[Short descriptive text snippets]
◇ ◇ ◇ ◇
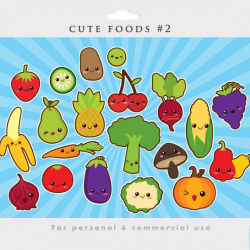 Kawaii clipart - cute food clip art Japanese vegetables fruit ...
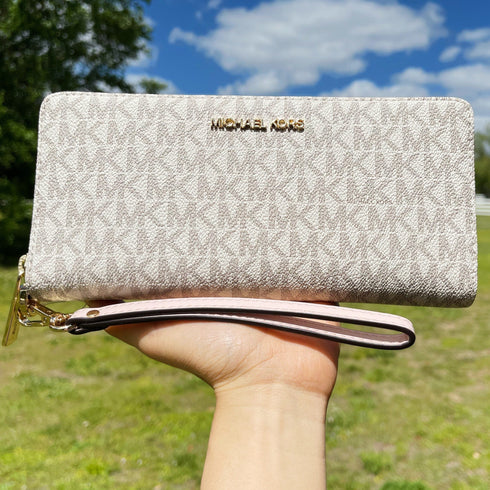 Michael Kors JetSet Large ContinentalWallet Wristlet MK Vanila PinkBlush Michael Kors Wallets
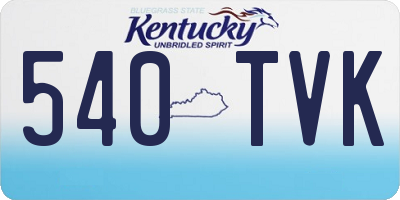 KY license plate 540TVK
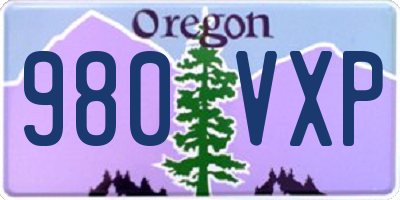 OR license plate 980VXP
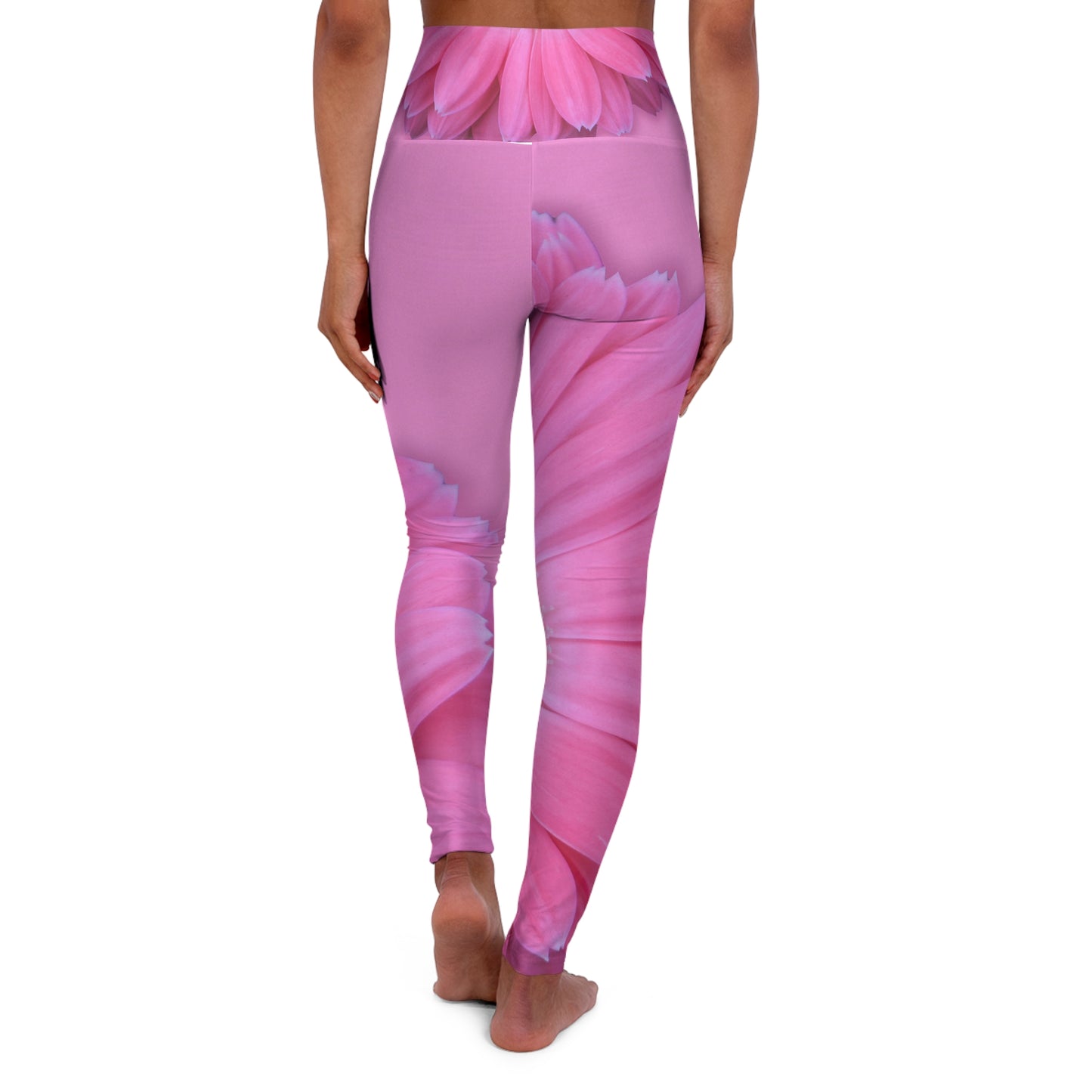 Pink Gerber Daisy Yoga Leggings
◇ ◇ ◇ ◇
The task: What is needed is an exact restatement of every line from the one containing "KY license plate 540TVK" through the last line of the records, pictures left out.

Task result:
 KY license plate 540TVK
 OR license plate 980VXP
 Pink Gerber Daisy Yoga Leggings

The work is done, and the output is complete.